### What is being asked
From the first entry to the last, repeat them all exactly.

#### Raw data

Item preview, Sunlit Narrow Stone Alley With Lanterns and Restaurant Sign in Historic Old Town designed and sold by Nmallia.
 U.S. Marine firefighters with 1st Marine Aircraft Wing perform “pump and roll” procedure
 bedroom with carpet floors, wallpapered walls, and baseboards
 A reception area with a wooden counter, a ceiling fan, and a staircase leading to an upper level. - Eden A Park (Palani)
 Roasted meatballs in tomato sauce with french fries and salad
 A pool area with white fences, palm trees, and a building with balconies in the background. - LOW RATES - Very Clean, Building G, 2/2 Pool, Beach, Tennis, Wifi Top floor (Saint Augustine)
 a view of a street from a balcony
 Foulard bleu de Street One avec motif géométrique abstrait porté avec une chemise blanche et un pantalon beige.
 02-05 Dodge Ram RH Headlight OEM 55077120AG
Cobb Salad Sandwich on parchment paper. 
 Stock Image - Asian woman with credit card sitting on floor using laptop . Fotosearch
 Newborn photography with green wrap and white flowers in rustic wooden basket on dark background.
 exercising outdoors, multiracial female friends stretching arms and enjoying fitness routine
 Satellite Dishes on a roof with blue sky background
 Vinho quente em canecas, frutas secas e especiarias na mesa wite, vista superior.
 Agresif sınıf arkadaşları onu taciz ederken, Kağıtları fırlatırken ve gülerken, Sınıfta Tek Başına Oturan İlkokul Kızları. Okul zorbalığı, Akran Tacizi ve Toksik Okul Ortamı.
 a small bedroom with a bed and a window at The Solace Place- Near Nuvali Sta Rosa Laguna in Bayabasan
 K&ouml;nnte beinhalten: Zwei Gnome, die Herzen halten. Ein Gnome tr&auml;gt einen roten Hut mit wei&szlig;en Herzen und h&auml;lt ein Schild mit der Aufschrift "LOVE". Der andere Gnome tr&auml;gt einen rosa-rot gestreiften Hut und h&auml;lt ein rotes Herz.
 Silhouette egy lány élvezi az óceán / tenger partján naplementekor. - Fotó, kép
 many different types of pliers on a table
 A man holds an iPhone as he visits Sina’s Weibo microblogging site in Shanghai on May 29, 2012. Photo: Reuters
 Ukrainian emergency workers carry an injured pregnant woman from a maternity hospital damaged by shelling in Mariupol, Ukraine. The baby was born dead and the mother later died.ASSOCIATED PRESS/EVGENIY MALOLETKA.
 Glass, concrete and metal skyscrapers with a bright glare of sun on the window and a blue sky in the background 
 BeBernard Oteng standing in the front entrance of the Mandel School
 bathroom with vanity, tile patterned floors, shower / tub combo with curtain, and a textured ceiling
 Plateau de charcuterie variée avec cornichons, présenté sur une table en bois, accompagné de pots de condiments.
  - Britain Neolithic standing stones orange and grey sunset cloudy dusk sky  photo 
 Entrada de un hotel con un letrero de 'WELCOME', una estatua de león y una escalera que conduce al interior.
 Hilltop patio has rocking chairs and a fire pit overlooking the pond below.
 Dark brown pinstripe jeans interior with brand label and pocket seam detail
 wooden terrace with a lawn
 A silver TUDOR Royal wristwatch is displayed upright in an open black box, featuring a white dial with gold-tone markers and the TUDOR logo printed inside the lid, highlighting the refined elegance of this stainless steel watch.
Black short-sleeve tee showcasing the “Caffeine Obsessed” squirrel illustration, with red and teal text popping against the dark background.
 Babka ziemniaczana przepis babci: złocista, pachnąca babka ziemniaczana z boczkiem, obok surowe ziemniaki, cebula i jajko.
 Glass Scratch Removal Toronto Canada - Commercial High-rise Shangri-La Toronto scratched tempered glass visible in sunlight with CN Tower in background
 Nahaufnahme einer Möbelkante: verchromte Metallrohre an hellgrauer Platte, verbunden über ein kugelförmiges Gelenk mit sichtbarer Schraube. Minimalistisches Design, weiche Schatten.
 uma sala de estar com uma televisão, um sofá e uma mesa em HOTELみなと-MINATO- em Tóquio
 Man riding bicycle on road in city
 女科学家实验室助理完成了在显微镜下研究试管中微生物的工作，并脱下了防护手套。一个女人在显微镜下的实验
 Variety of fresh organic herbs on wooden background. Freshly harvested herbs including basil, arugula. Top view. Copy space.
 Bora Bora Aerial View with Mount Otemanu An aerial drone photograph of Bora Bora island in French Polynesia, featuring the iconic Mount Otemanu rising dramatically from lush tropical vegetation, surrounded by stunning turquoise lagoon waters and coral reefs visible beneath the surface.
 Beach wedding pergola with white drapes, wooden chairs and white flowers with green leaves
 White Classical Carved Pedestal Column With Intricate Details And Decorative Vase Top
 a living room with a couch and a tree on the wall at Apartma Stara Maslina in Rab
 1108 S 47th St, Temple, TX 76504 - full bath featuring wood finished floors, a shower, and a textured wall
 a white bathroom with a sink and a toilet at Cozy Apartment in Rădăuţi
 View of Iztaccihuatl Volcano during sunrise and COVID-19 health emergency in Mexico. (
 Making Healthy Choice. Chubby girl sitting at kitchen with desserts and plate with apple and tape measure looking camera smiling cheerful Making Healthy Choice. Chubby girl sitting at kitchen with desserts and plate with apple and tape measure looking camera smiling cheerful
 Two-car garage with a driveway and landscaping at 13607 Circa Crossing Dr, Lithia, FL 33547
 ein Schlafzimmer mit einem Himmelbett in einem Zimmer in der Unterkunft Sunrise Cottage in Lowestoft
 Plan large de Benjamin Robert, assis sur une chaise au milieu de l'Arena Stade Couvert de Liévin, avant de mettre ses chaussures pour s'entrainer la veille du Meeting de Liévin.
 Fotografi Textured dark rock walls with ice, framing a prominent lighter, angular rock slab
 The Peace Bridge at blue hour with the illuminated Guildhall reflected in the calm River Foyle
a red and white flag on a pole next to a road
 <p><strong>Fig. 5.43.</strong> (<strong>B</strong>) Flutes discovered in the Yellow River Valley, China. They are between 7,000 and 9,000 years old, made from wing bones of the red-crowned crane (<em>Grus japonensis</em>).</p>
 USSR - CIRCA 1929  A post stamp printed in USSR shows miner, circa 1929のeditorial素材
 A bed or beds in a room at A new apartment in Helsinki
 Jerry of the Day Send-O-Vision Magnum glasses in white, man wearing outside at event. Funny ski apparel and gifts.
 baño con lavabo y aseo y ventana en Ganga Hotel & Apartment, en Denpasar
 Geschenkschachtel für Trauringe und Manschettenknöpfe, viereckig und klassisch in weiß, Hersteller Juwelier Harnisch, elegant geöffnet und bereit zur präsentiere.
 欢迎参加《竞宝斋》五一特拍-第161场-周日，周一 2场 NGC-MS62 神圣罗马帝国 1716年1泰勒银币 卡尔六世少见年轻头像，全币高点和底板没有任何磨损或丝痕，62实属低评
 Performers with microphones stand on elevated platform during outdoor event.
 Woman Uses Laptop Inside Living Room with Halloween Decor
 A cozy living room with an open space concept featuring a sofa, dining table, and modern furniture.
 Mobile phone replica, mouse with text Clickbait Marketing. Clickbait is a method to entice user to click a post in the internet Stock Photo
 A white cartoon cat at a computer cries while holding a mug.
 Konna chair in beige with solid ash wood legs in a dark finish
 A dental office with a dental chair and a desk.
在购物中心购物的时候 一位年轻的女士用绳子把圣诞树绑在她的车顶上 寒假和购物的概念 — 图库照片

########

### Exercise response
Item preview, Sunlit Narrow Stone Alley With Lanterns and Restaurant Sign in Historic Old Town designed and sold by Nmallia.
 U.S. Marine firefighters with 1st Marine Aircraft Wing perform “pump and roll” procedure
 bedroom with carpet floors, wallpapered walls, and baseboards
 A reception area with a wooden counter, a ceiling fan, and a staircase leading to an upper level. - Eden A Park (Palani)
 Roasted meatballs in tomato sauce with french fries and salad
 A pool area with white fences, palm trees, and a building with balconies in the background. - LOW RATES - Very Clean, Building G, 2/2 Pool, Beach, Tennis, Wifi Top floor (Saint Augustine)
 a view of a street from a balcony
 Foulard bleu de Street One avec motif géométrique abstrait porté avec une chemise blanche et un pantalon beige.
 02-05 Dodge Ram RH Headlight OEM 55077120AG
Cobb Salad Sandwich on parchment paper. 
 Stock Image - Asian woman with credit card sitting on floor using laptop . Fotosearch
 Newborn photography with green wrap and white flowers in rustic wooden basket on dark background.
 exercising outdoors, multiracial female friends stretching arms and enjoying fitness routine
 Satellite Dishes on a roof with blue sky background
 Vinho quente em canecas, frutas secas e especiarias na mesa wite, vista superior.
 Agresif sınıf arkadaşları onu taciz ederken, Kağıtları fırlatırken ve gülerken, Sınıfta Tek Başına Oturan İlkokul Kızları. Okul zorbalığı, Akran Tacizi ve Toksik Okul Ortamı.
 a small bedroom with a bed and a window at The Solace Place- Near Nuvali Sta Rosa Laguna in Bayabasan
 K&ouml;nnte beinhalten: Zwei Gnome, die Herzen halten. Ein Gnome tr&auml;gt einen roten Hut mit wei&szlig;en Herzen und h&auml;lt ein Schild mit der Aufschrift "LOVE". Der andere Gnome tr&auml;gt einen rosa-rot gestreiften Hut und h&auml;lt ein rotes Herz.
 Silhouette egy lány élvezi az óceán / tenger partján naplementekor. - Fotó, kép
 many different types of pliers on a table
 A man holds an iPhone as he visits Sina’s Weibo microblogging site in Shanghai on May 29, 2012. Photo: Reuters
 Ukrainian emergency workers carry an injured pregnant woman from a maternity hospital damaged by shelling in Mariupol, Ukraine. The baby was born dead and the mother later died.ASSOCIATED PRESS/EVGENIY MALOLETKA.
 Glass, concrete and metal skyscrapers with a bright glare of sun on the window and a blue sky in the background 
 BeBernard Oteng standing in the front entrance of the Mandel School
 bathroom with vanity, tile patterned floors, shower / tub combo with curtain, and a textured ceiling
 Plateau de charcuterie variée avec cornichons, présenté sur une table en bois, accompagné de pots de condiments.
  - Britain Neolithic standing stones orange and grey sunset cloudy dusk sky  photo 
 Entrada de un hotel con un letrero de 'WELCOME', una estatua de león y una escalera que conduce al interior.
 Hilltop patio has rocking chairs and a fire pit overlooking the pond below.
 Dark brown pinstripe jeans interior with brand label and pocket seam detail
 wooden terrace with a lawn
 A silver TUDOR Royal wristwatch is displayed upright in an open black box, featuring a white dial with gold-tone markers and the TUDOR logo printed inside the lid, highlighting the refined elegance of this stainless steel watch.
Black short-sleeve tee showcasing the “Caffeine Obsessed” squirrel illustration, with red and teal text popping against the dark background.
 Babka ziemniaczana przepis babci: złocista, pachnąca babka ziemniaczana z boczkiem, obok surowe ziemniaki, cebula i jajko.
 Glass Scratch Removal Toronto Canada - Commercial High-rise Shangri-La Toronto scratched tempered glass visible in sunlight with CN Tower in background
 Nahaufnahme einer Möbelkante: verchromte Metallrohre an hellgrauer Platte, verbunden über ein kugelförmiges Gelenk mit sichtbarer Schraube. Minimalistisches Design, weiche Schatten.
 uma sala de estar com uma televisão, um sofá e uma mesa em HOTELみなと-MINATO- em Tóquio
 Man riding bicycle on road in city
 女科学家实验室助理完成了在显微镜下研究试管中微生物的工作，并脱下了防护手套。一个女人在显微镜下的实验
 Variety of fresh organic herbs on wooden background. Freshly harvested herbs including basil, arugula. Top view. Copy space.
 Bora Bora Aerial View with Mount Otemanu An aerial drone photograph of Bora Bora island in French Polynesia, featuring the iconic Mount Otemanu rising dramatically from lush tropical vegetation, surrounded by stunning turquoise lagoon waters and coral reefs visible beneath the surface.
 Beach wedding pergola with white drapes, wooden chairs and white flowers with green leaves
 White Classical Carved Pedestal Column With Intricate Details And Decorative Vase Top
 a living room with a couch and a tree on the wall at Apartma Stara Maslina in Rab
 1108 S 47th St, Temple, TX 76504 - full bath featuring wood finished floors, a shower, and a textured wall
 a white bathroom with a sink and a toilet at Cozy Apartment in Rădăuţi
 View of Iztaccihuatl Volcano during sunrise and COVID-19 health emergency in Mexico. (
 Making Healthy Choice. Chubby girl sitting at kitchen with desserts and plate with apple and tape measure looking camera smiling cheerful Making Healthy Choice. Chubby girl sitting at kitchen with desserts and plate with apple and tape measure looking camera smiling cheerful
 Two-car garage with a driveway and landscaping at 13607 Circa Crossing Dr, Lithia, FL 33547
 ein Schlafzimmer mit einem Himmelbett in einem Zimmer in der Unterkunft Sunrise Cottage in Lowestoft
 Plan large de Benjamin Robert, assis sur une chaise au milieu de l'Arena Stade Couvert de Liévin, avant de mettre ses chaussures pour s'entrainer la veille du Meeting de Liévin.
 Fotografi Textured dark rock walls with ice, framing a prominent lighter, angular rock slab
 The Peace Bridge at blue hour with the illuminated Guildhall reflected in the calm River Foyle
a red and white flag on a pole next to a road
 <p><strong>Fig. 5.43.</strong> (<strong>B</strong>) Flutes discovered in the Yellow River Valley, China. They are between 7,000 and 9,000 years old, made from wing bones of the red-crowned crane (<em>Grus japonensis</em>).</p>
 USSR - CIRCA 1929  A post stamp printed in USSR shows miner, circa 1929のeditorial素材
 A bed or beds in a room at A new apartment in Helsinki
 Jerry of the Day Send-O-Vision Magnum glasses in white, man wearing outside at event. Funny ski apparel and gifts.
 baño con lavabo y aseo y ventana en Ganga Hotel & Apartment, en Denpasar
 Geschenkschachtel für Trauringe und Manschettenknöpfe, viereckig und klassisch in weiß, Hersteller Juwelier Harnisch, elegant geöffnet und bereit zur präsentiere.
 欢迎参加《竞宝斋》五一特拍-第161场-周日，周一 2场 NGC-MS62 神圣罗马帝国 1716年1泰勒银币 卡尔六世少见年轻头像，全币高点和底板没有任何磨损或丝痕，62实属低评
 Performers with microphones stand on elevated platform during outdoor event.
 Woman Uses Laptop Inside Living Room with Halloween Decor
 A cozy living room with an open space concept featuring a sofa, dining table, and modern furniture.
 Mobile phone replica, mouse with text Clickbait Marketing. Clickbait is a method to entice user to click a post in the internet Stock Photo
 A white cartoon cat at a computer cries while holding a mug.
 Konna chair in beige with solid ash wood legs in a dark finish
 A dental office with a dental chair and a desk.
在购物中心购物的时候 一位年轻的女士用绳子把圣诞树绑在她的车顶上 寒假和购物的概念 — 图库照片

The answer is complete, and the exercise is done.